I am planing to build a package for ETL processes as my Bachelor thesis.
My plan is to to have the package be a simple way to build data pipelines following ETL. Having a simple way to load the data from different sources, transforming the data and then loading it back into storage or use it elsewhere.
I am still trying to figure out what i should include into the package. So far i am thinking about the following:
connectivity to multiple data-sources
data transformation with custom pipelines
might add support for data cleaning
might add aggregations, filters, joins, splits
multi threading/parallel computing
logging and monitoring
multi source and target
It would be helpfull to get some insights from you guys.
Please tell me if i am missing anything important.
I tried something similar a while ago when I needed an automation solution for work. I started to build very basic custom pipelines reading data from databases and parquet files (DuckDB.jl), cleaning and aggregating data (DataFrames.jl) and saving the results to parquet files.

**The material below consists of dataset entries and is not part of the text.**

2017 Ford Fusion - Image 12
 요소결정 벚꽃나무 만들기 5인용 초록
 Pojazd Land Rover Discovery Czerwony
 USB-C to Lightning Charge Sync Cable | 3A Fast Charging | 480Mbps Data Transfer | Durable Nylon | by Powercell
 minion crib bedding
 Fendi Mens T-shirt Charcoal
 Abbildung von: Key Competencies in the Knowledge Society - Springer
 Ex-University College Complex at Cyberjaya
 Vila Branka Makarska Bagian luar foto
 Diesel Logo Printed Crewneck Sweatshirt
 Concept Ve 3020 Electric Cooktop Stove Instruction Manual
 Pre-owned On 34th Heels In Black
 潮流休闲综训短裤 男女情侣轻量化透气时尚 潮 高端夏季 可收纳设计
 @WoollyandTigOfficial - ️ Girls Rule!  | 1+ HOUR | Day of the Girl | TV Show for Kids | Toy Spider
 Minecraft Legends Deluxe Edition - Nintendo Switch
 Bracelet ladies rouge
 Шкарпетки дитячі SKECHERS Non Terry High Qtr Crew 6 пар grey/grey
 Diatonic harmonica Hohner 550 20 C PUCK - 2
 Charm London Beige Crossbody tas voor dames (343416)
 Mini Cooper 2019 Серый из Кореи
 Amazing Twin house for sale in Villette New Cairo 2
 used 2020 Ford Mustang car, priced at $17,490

I can’t find the threads now, but I remember there were some initial tries to program a framework like this. However, I think they ended up abandoned.
While I found julia quite suitable for the task, in my project I discovered myself basically reinventing dlt and dbt, so I just ended up using these existing solutions instead.
The advantage of Julia would be to use the repl to write custom code in Julia and then register it as a UDF to run it inside of Duckdb. This would leverage the c function performance to run models or optimizations within the stream processing.